Output range, inclusive: from the line containing "diyafragma altında" to the line containing "Diyafragma üzerinde". Restate those lines from the data below word for word and only those.

** Material for this exercise **
──────

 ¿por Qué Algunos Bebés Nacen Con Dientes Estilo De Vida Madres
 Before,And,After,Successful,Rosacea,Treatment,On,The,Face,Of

──────

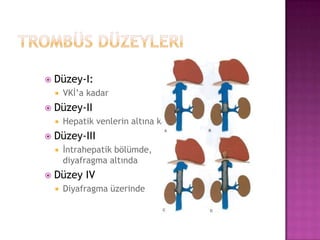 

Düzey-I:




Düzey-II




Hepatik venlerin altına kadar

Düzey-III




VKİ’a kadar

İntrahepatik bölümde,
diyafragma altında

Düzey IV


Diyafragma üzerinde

──────

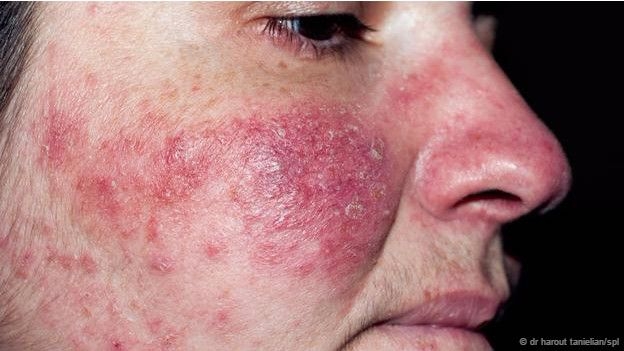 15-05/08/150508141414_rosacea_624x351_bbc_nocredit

──────

** Answer below **
diyafragma altında

Düzey IV


Diyafragma üzerinde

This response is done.